[DATA SECTION — start]
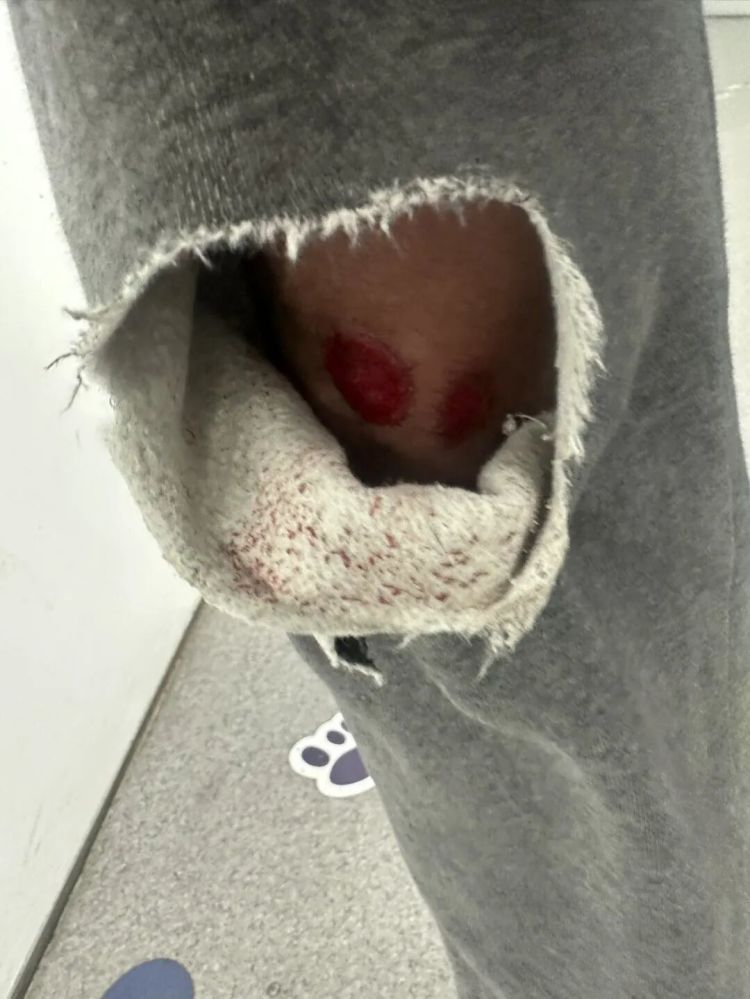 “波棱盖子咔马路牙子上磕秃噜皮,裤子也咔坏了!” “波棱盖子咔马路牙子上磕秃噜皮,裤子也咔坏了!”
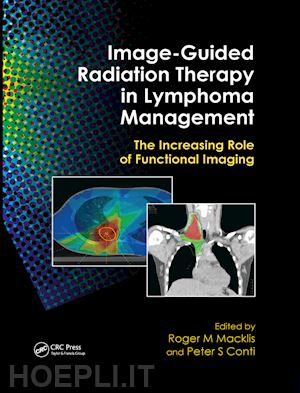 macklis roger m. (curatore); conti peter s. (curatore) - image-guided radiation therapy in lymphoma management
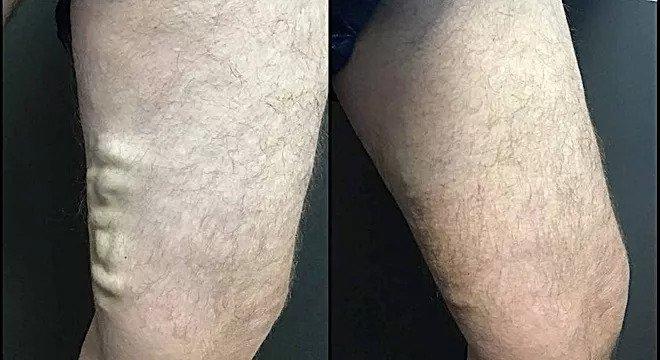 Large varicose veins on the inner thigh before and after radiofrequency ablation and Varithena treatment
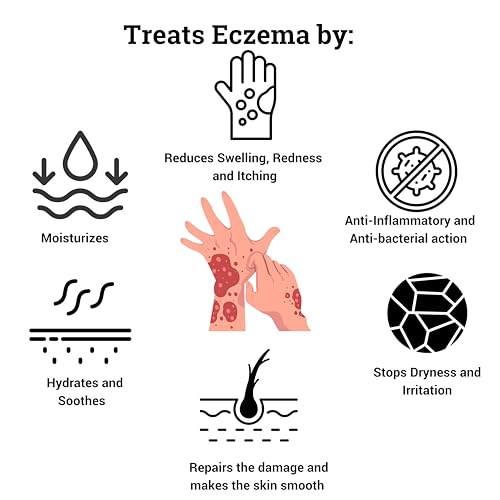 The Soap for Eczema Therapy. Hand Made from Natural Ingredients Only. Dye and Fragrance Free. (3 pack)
[DATA SECTION — finish]
THE PROBLEM:
Should there be pictures in the data, leave them out and return the rest exactly.

EXPECTED ANSWER:
 “波棱盖子咔马路牙子上磕秃噜皮,裤子也咔坏了!” “波棱盖子咔马路牙子上磕秃噜皮,裤子也咔坏了!”
 macklis roger m. (curatore); conti peter s. (curatore) - image-guided radiation therapy in lymphoma management
 Large varicose veins on the inner thigh before and after radiofrequency ablation and Varithena treatment
 The Soap for Eczema Therapy. Hand Made from Natural Ingredients Only. Dye and Fragrance Free. (3 pack)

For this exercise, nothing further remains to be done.